← Back to context

Comment by dijksterhuis

19 hours ago

> It's not an error though

!define error

> 5. Mathematics The difference between a computed or measured value and a true or theoretically correct value.

^ this is the definition that applies. There is a ground truth (the output the user expects to receive) and model output. The difference between model output and ground truth ==> error.

--

> From is training it's outputting things most likely to come next

Just because a model has gone through training, does not mean the model won't produce erroneous/undesirable/incorrect test-time outputs.

--

> Saying it's an error means that being accurate is a feature and a bug that can be fixed.

Machine learning doesn't revolve around boolean "bug" / "not bug". It is a different ballgame. The types of test-time errors are sometimes just as important as the quantity of errors. Two of the simpler metrics for test-time evaluation of natural language models (note: not specifically LLMs) are WER (Word Error Rate) and CER (Character Error Rate). A model with a 3% CER isn't particularly helpful when the WER is 89%. There are still "errors". They're just not something that can be fixed like normal software "errors".

It is generally accepted some errors will occur in the world of machine learning.

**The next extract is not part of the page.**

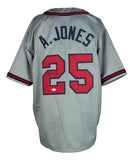 Andruw Jones Signed Custom Gray Pro Style Baseball Jersey JSA ITP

- edit to add first response and formatting

I don't agree that that's the right definition to use though. LLMs do not output computed or measured values.

If I expect Windows to add $5 to my bank account every time I click the Start button, that's not an error with Windows, it's a problem with my expectations. It's not a thing that's actually made to do that. The start button does what it's supposed to (perhaps a bad example, because the windows 11 start menu is rubbish), not my imagined desired behavior.